The Toronto Blue Jays honour the first responders, and hold a moment of silence before the anthems to recognize those who lost their lives in the Toronto van attack.

TORONTO – A new banner hung along the facing of the 200 level in centre field at Rogers Centre Tuesday. Spanning perhaps 50 feet, it offered a reminder of Monday’s tragedy with the words #TORONTOSTRONG.

In that small way and others, the Toronto Blue Jays and Boston Red Sox showed support for the 10 people who died Monday when a man deliberately drove a van through a crowd of people near Yonge St. and Finch Ave. Fourteen others were injured in the crash.

When Blue Jays manager John Gibbons first heard the news, he had trouble believing it.

“It’s brutal. I thought I was in the U.S. or something, truthfully,” Gibbons said. “I don’t know what’s going on in the world. It kind of puts things in perspective.”

Like Gibbons, Red Sox manager Alex Cora had expected a quiet off-day in Toronto Monday. Instead, he felt the impact of the devastating news. Before addressing the Boston media Tuesday, Cora made a point of showing support for the victims of Monday’s attack.

“You understand how I feel about the game of baseball, how passionate I am,” Cora said “The game is not more important than life. There’s stuff out there, on a personal note it makes you sick just to think about it.
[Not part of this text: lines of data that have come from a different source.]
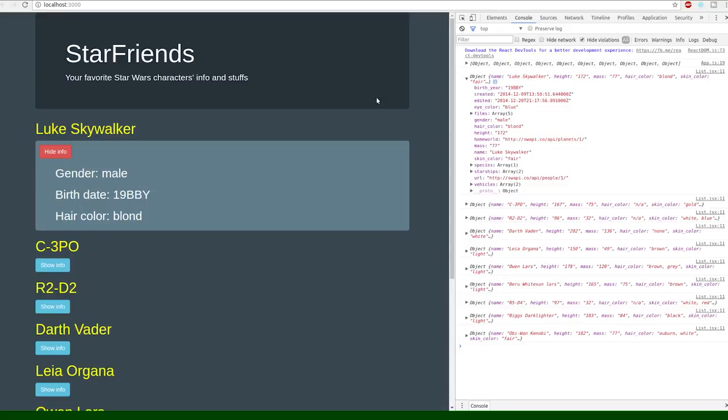So obviously if you want to build this app you can ask for different information or display different information or whatever. It's all contained within that object.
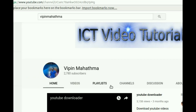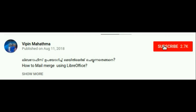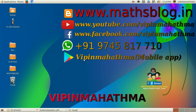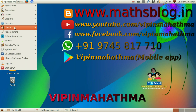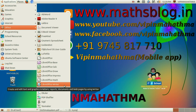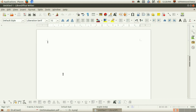Subscribe to the channel and click the bell icon. If you are interested in typing, I will use the software — the application — the office library.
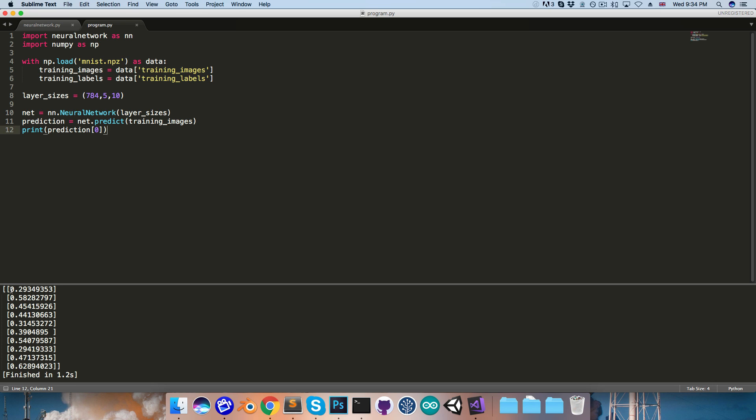So remember we're interpreting each of these numbers as essentially the likelihood of it being a particular digit. So we'd want to look for the highest one here, which I think is this last one, 0.62.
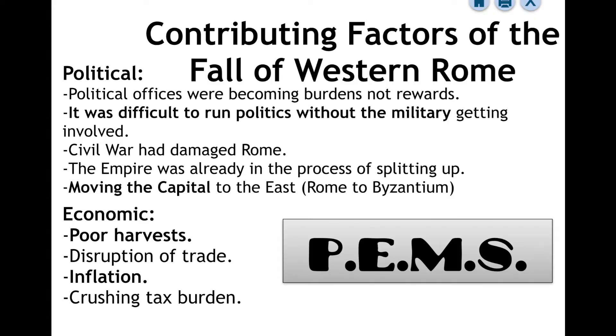We're looking at how a variety of factors — whether political, economical, military, or social — have impacted the Roman Empire leading towards its fall. There were various contributing factors to why Rome fell, and these can be attributed to four major themes: Political, Economic, Military, and Social. To memorize that, I just call it PEMS.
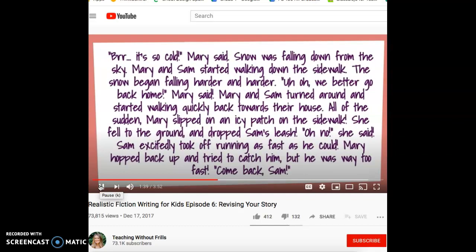Here's my next page: 'Brr, it's so cold, Mary said. Snow was falling down from the sky. Mary and Sam started walking down the sidewalk. The snow began falling harder and harder. Uh-oh, we better go back home, Mary said. Mary and Sam turned around and started walking quickly back towards their house. All of a sudden, Mary slipped on an icy patch on the sidewalk. She fell to the ground and dropped Sam's leash. Oh no, she said. Sam excitedly took off running as fast as he could. Mary hopped back up and tried to catch him, but he was way too fast. Come back, Sam.' Gosh, I used the word 'said' three times on this page.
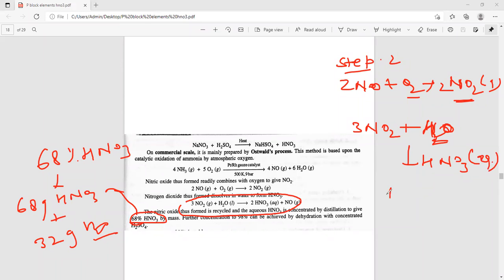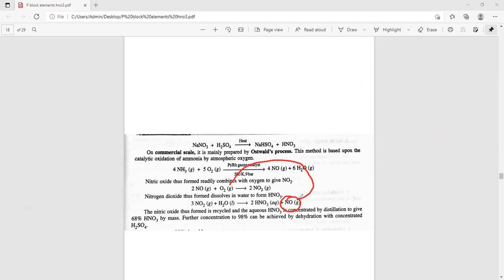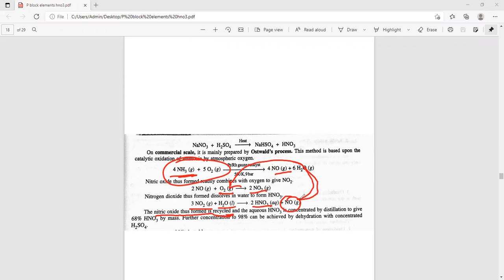In Step 2, the nitric oxide (NO) formed combines with oxygen to produce NO2 gas. Then in Step 3, 3NO2 + H2O gives HNO3 (aqueous) plus NO gas. The water added determines the concentration — for example, 68% HNO3 means 68 grams HNO3 and 32 grams water. The HNO3 is extracted, and NO is recycled.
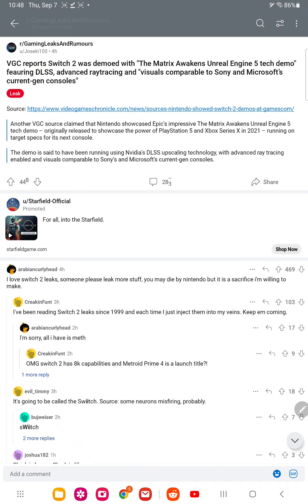But yeah, that's it about this video here. So do you think that this console will be as powerful as the PS5 and Xbox Series X and S?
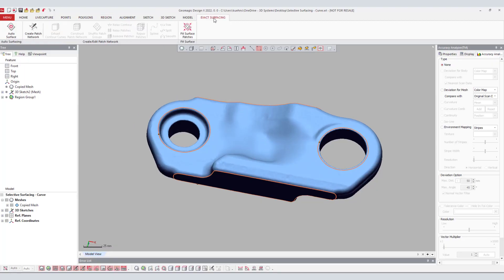In many cases when reverse engineering moldings, castings, topology optimization, and medical applications, a hybrid modeling workflow is the most efficient way to tackle complex parts.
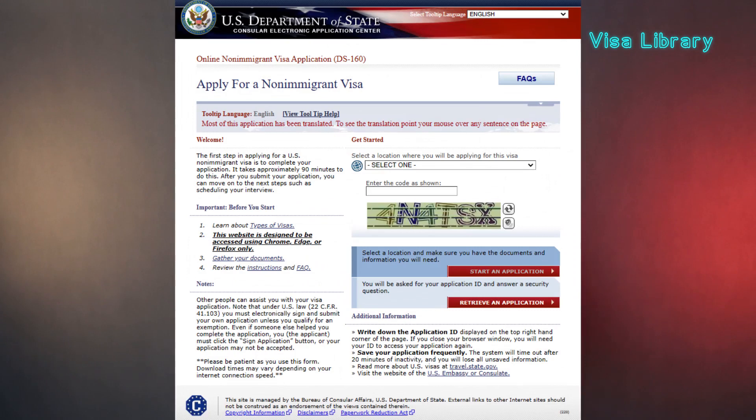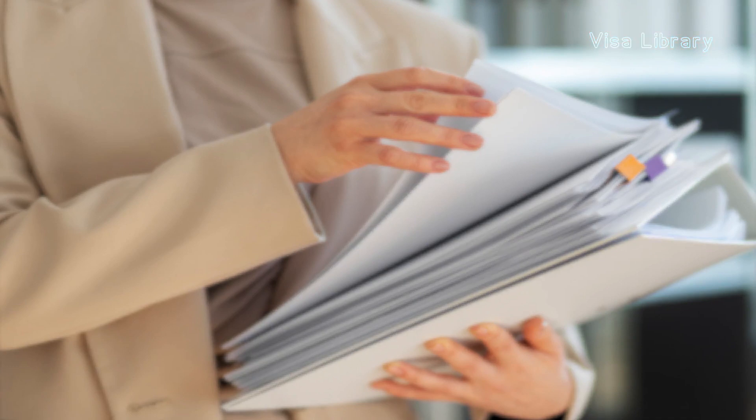To get a G visa, you must first fill out the online application form DS-160 on the U.S. Department of State website — the link is in the description. After completing the form, a confirmation page will be issued that you must save and print. G1, G2, G4, or NATO 6 visa holders must also submit form DS-1648. While completing the form, you must submit a photo in the defined format.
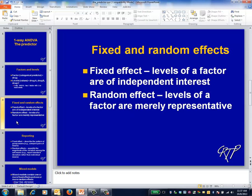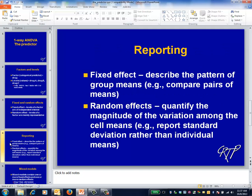On the other hand, a factor is random if its levels aren't of independent interest. For example, if we want to determine how much patient satisfaction varies across hospital, but don't care about comparing specific hospitals, then hospital is a random factor. In a fixed effect model, what we'd report is the mean satisfaction for each hospital, and base the analysis on comparing these hospital-specific means.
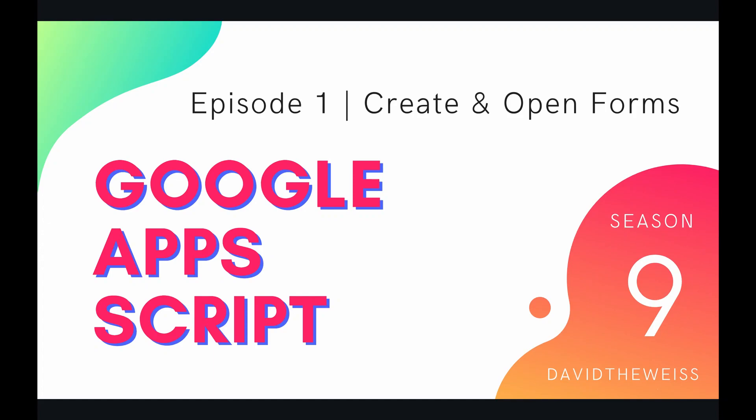Hey, coders, and welcome to episode one of our Form Service Playlist on the Google Apps Script course. In this video, we're going to be looking at how to create and open forms.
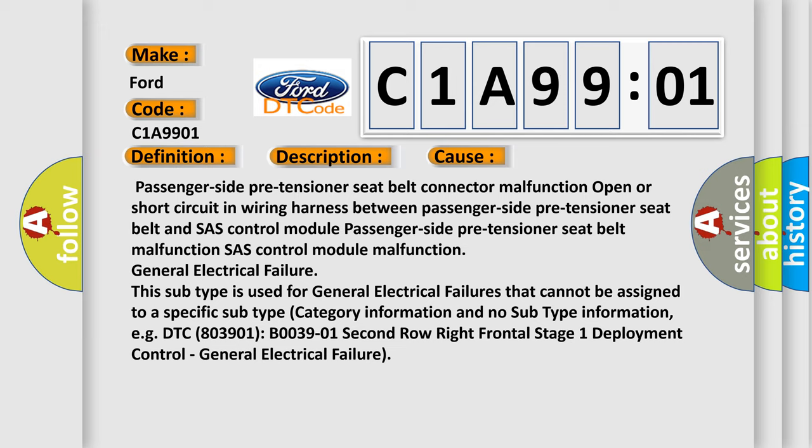This subtype is used for general electrical failures that cannot be assigned to a specific subtype. No subtype category information and no subtype information, for example, DTC B003901, 2nd row right frontal stage 1 deployment control, general electrical failure.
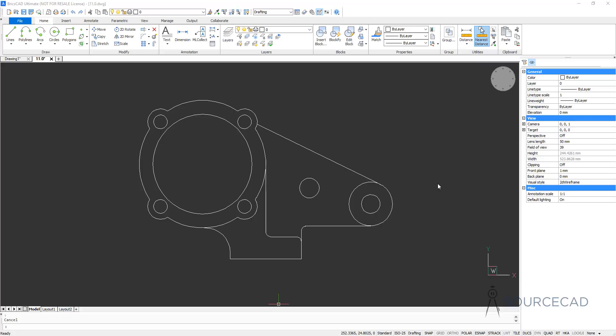Hello and welcome to SourceCAD. In this video I'll tell you about making dimensioning in this drawing, and in this case we'll use this simple drawing. You can download it from the link in the description. So let's get started.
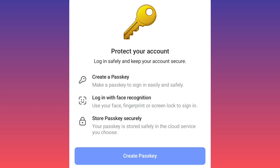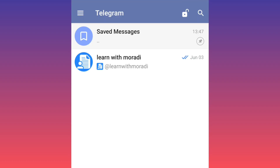It works anywhere, even without mobile service. Your account still needs an active phone number, so don't throw away your SIM card. To activate passkey, follow these steps: first, update your Telegram. Then tap on the three-line menu at the top.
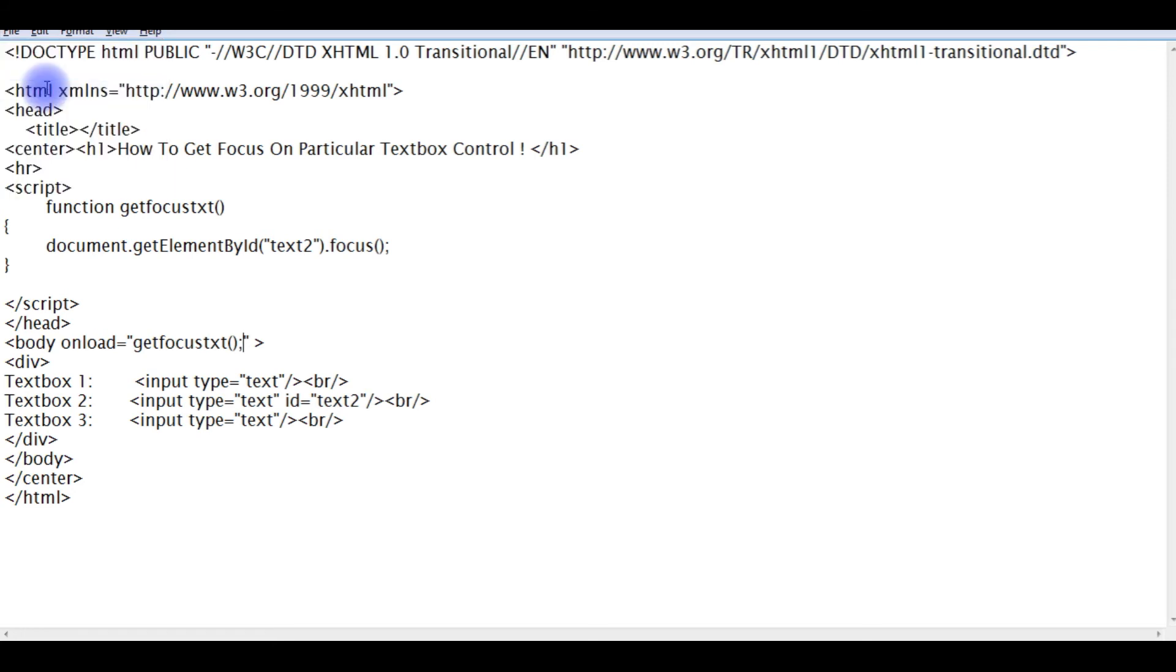Now let's go back to the browser and we'll reload the page. Once it's reloaded, the cursor automatically focuses to the text box 2.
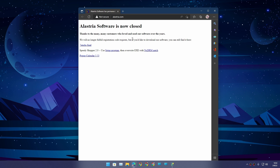The company is closed now, but the good thing is that we can still download Seven Stacks for free from the official website. It's astria.com — you can visit there and just click on 'Seven Stacks Final' to get the installation file.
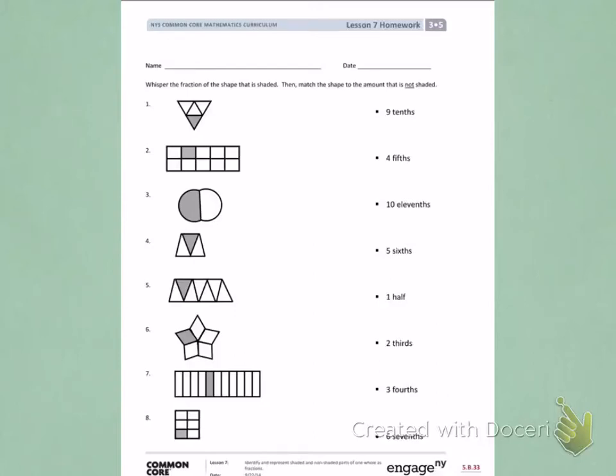This is Module 5, Lesson 7, Homework, Side 1. Today's objective was to identify and represent shaded and non-shaded parts of one whole as fractions.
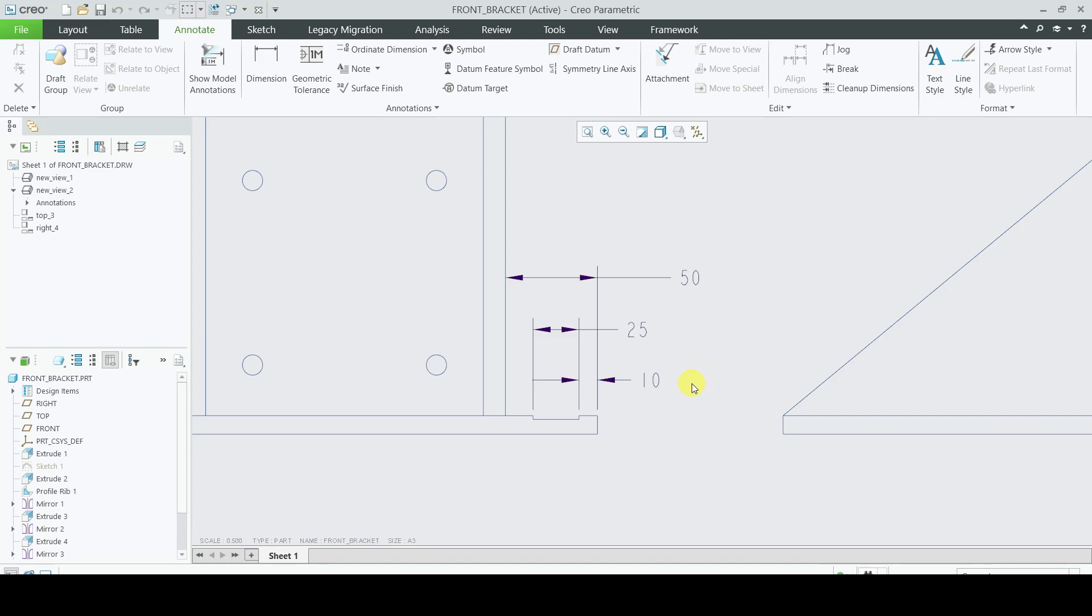You can see in this scenario these three dimensions are placed here: 25 and 50. This 25 dimension is placed here and this 50 dimension. The extension line of this 50 dimension is crossing the dimension line of this 25 dimension.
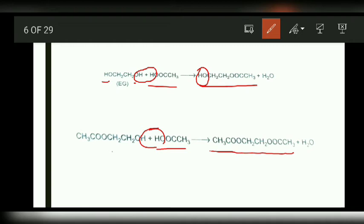There are no further reactive groups in this product. So here also the polymer cannot be formed, because both reactive ends have been consumed.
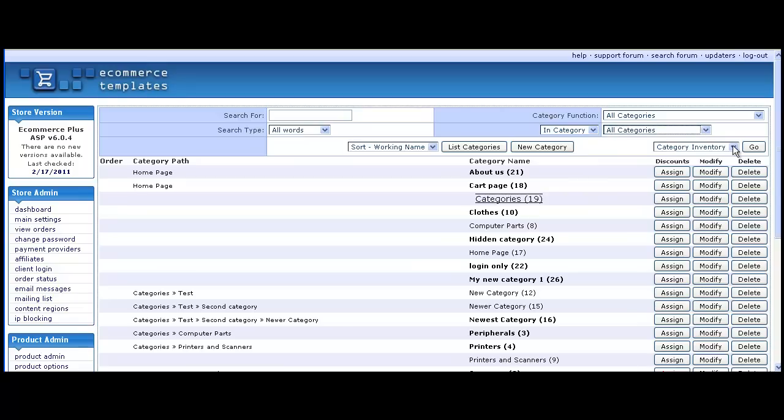The category structure can be downloaded to a CSV file for opening up in Excel. You can also assign category level discounts, modify or delete the category from this screen.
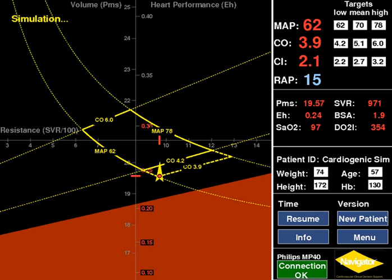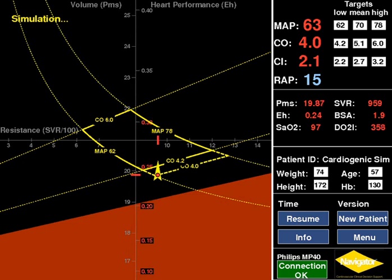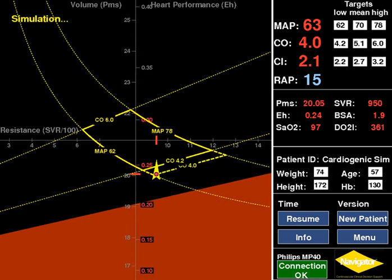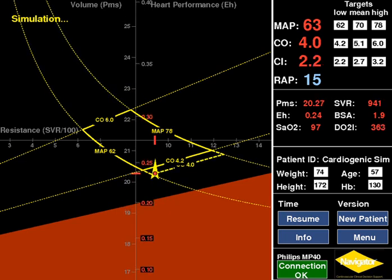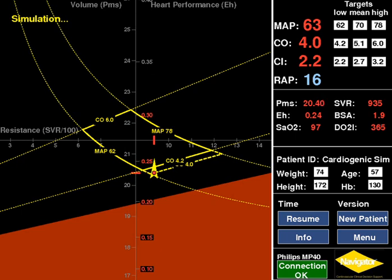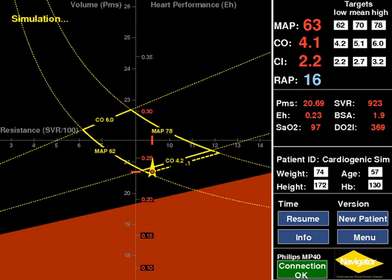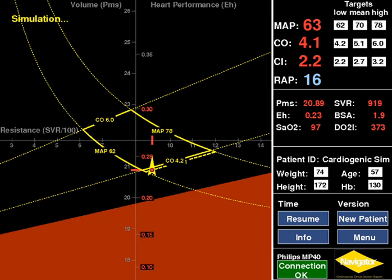These responses to a fluid challenge collectively indicate the patient is no longer volume responsive. The patient demonstrates four observations that suggest low volume responsiveness: a low EH, an EH value that decreases with volume administration, the RAP rose quickly with volume administration, and minimal movement of the patient's status towards the PTZ despite an increase on the volume PMS scale.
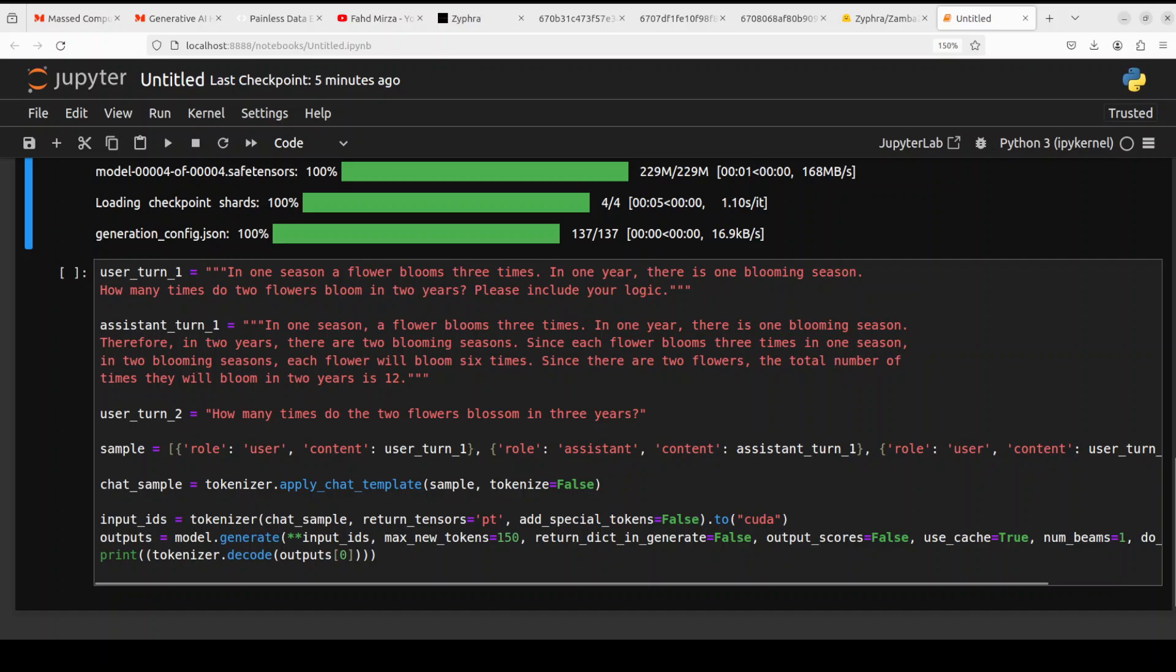So then we have given it an example that in one season a flower blooms three times, in one year there is one blossoming season. Therefore, in two years there are two blooming seasons.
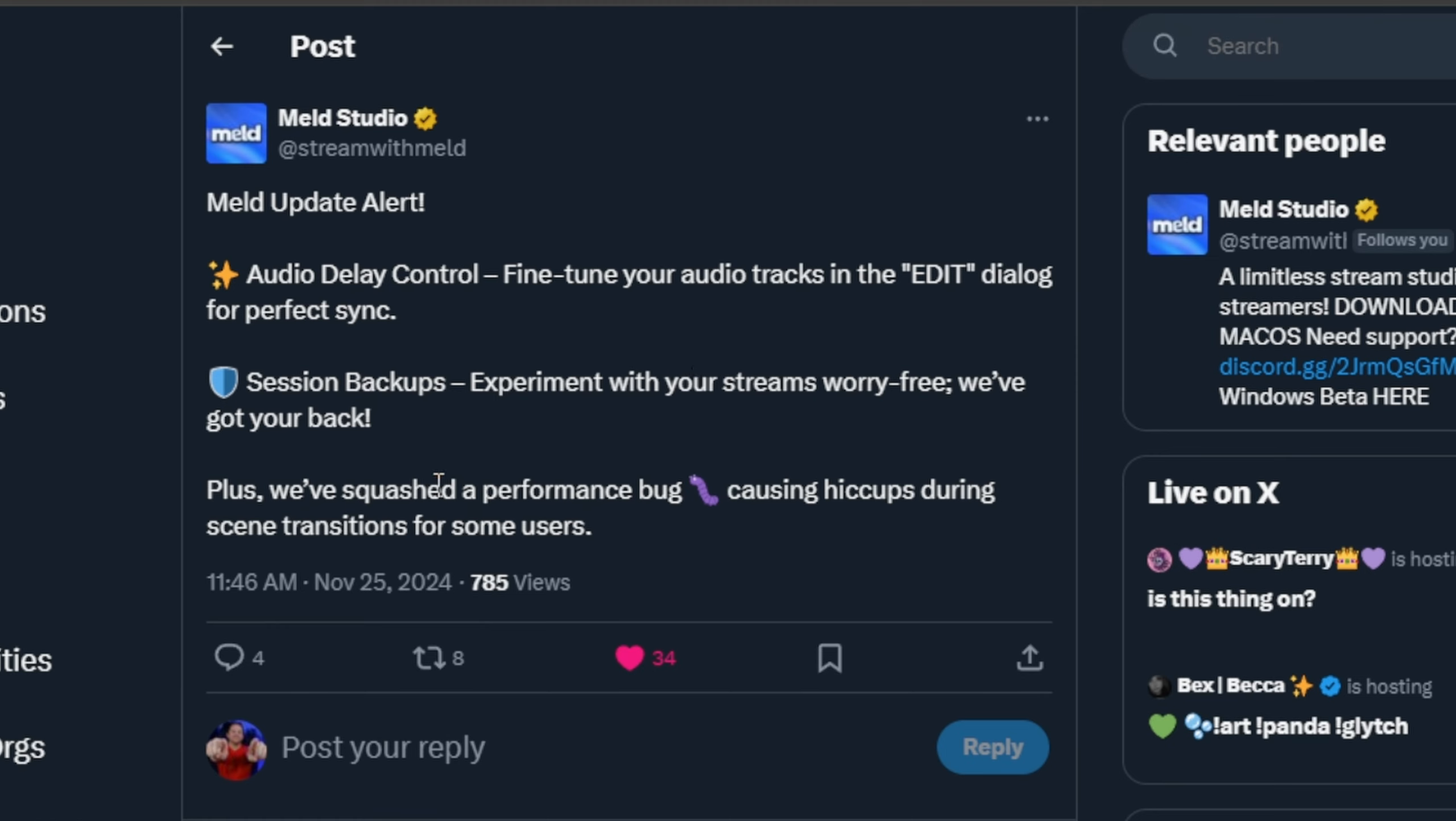Also, they've fixed a performance bug that would cause some stuttering or hiccups whenever you would change scenes for some users. Me being one of those users, I was actually having that problem as well.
“For me, the Boston Red Sox and everybody that has to do with the organization, we’re with you guys,” Cora continued. “Toronto strong and our thoughts and prayers with everybody.”

Before first pitch Tuesday, the Blue Jays had a moment of silence to honour the victims and their families. Six of the first responders to the scene of the tragedy were also recognized during the pre-game ceremony, which included a short video tribute.

As the first responders left the field, Marco Estrada greeted them near the Blue Jays dugout. Earlier, Marcus Stroman and Teoscar Hernandez were among the Toronto players to show support on Twitter in the aftermath of the tragedy.

Commissioner Rob Manfred was also on hand, and though his trip was scheduled long before Monday, he began his news conference Tuesday with a show of support for the city.

“I want to say to the citizens of Toronto, to the Blue Jays fans from all of us at Major League Baseball, we’re devastated by the tragedy here yesterday,” Manfred said. “You were in our thoughts all day yesterday and will remain there for some time. We hope that maybe our game tonight will provide a little bit of the beginning of the healing process for this city.”

In some small ways, baseball might even play a part in the healing process.

“It’s almost like you get back to normalcy after the shock of it happens,” Gibbons said. “The daily routine, something you follow every day, it’s probably a good distraction I would think.

“These (players) all feel it,” Gibbons continued. “These guys are players, but they’re humans, too. I don’t think we can all comprehend it really, unless it hits you somewhat directly, or somebody you know. That can be unfortunate.

“I think what’s really sad is a lot of times we’re desensitized nowadays because it’s happening too often.”